#### STORED DATA

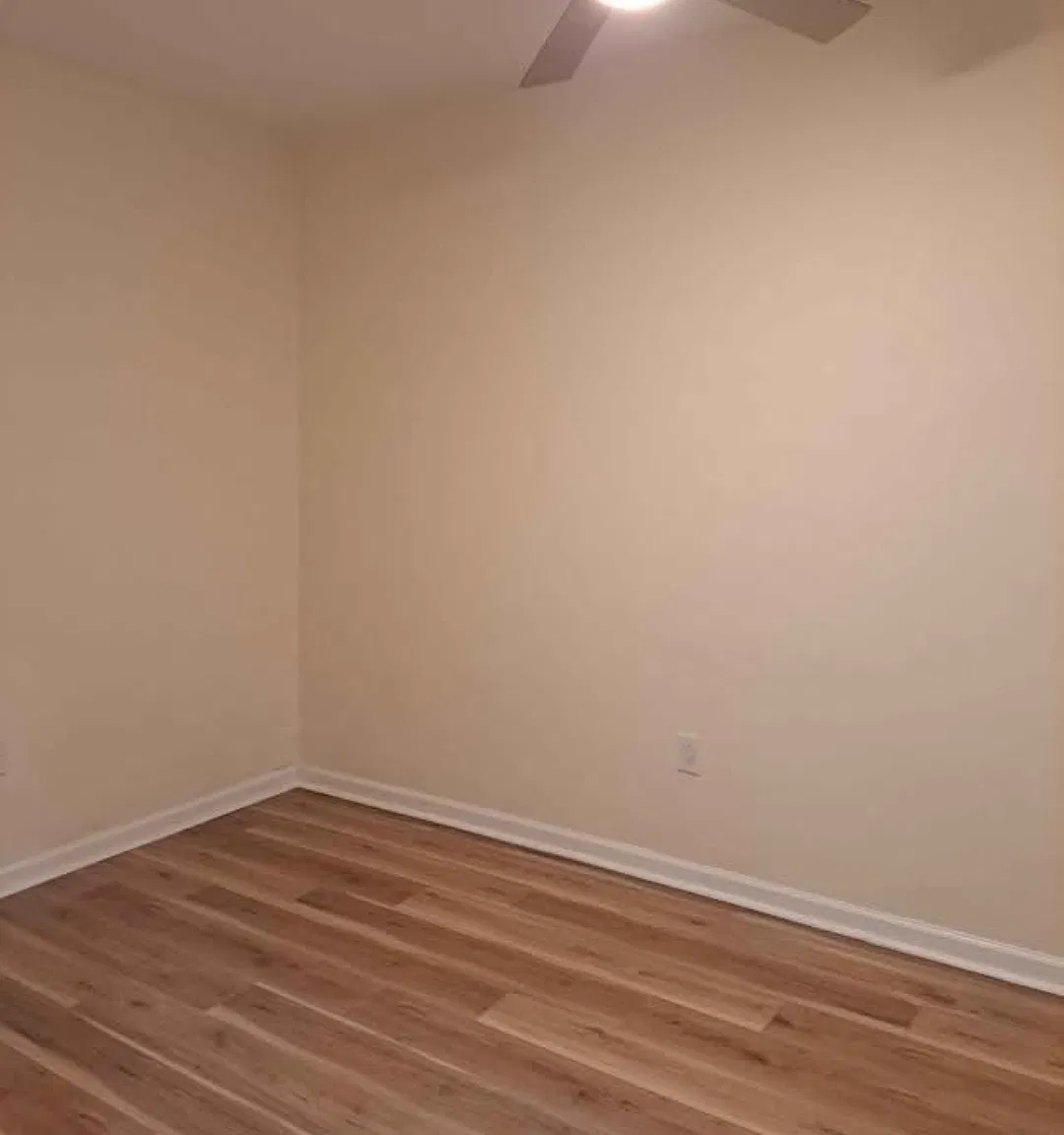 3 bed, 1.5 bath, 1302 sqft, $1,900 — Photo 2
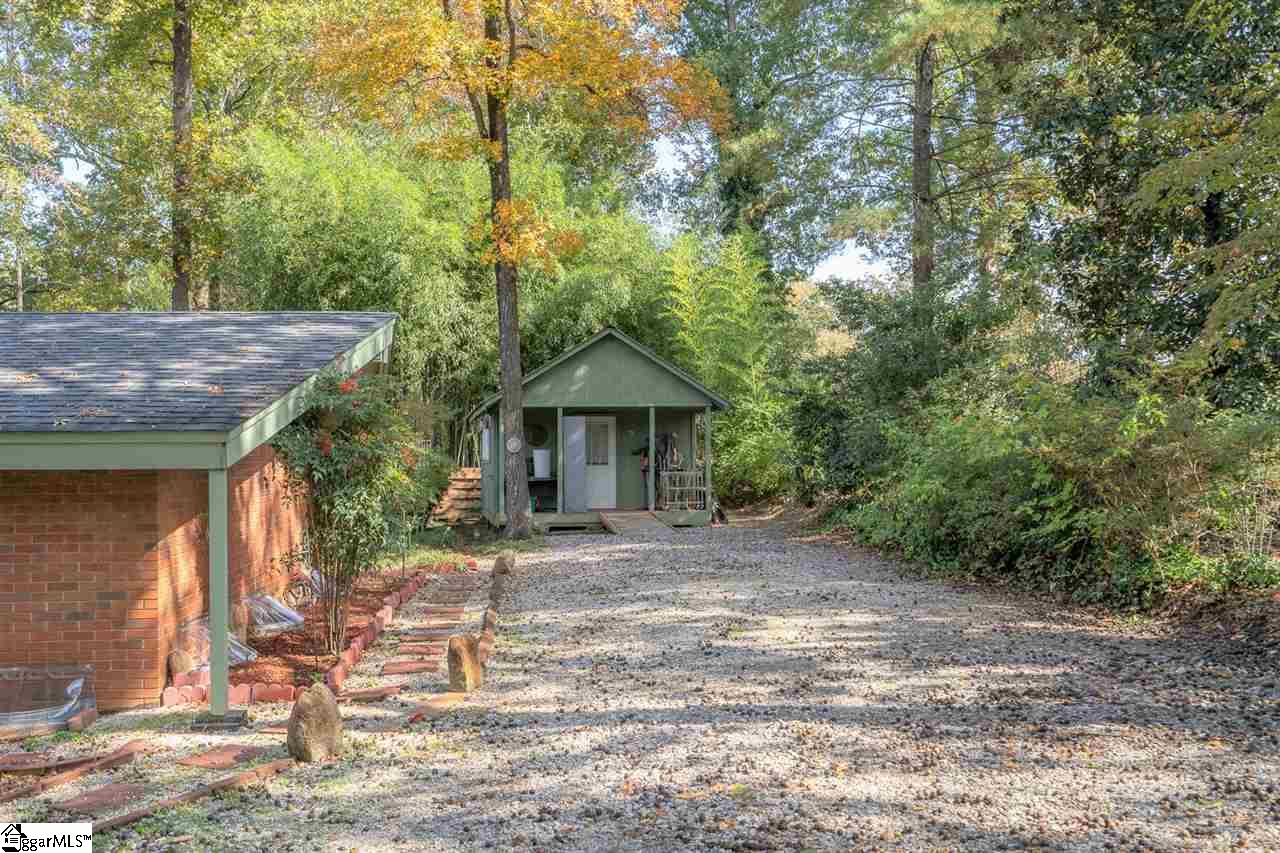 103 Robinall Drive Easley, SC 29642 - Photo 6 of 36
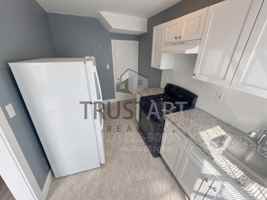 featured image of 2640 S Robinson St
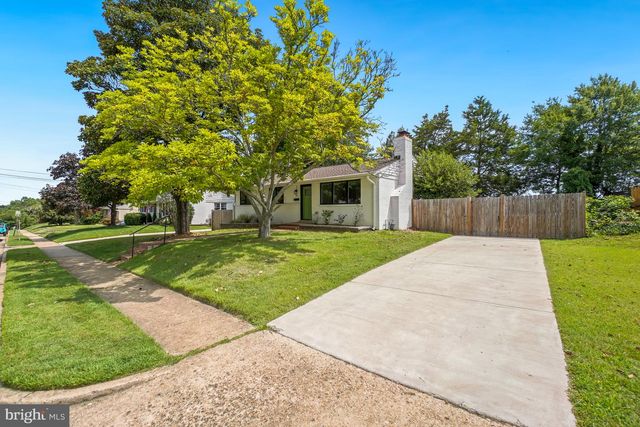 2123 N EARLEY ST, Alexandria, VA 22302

########

**WHAT YOU WILL DO**
Without altering anything, output all the lines above but none of the images.

**YOUR SOLUTION**
 3 bed, 1.5 bath, 1302 sqft, $1,900 — Photo 2
 103 Robinall Drive Easley, SC 29642 - Photo 6 of 36
 featured image of 2640 S Robinson St
 2123 N EARLEY ST, Alexandria, VA 22302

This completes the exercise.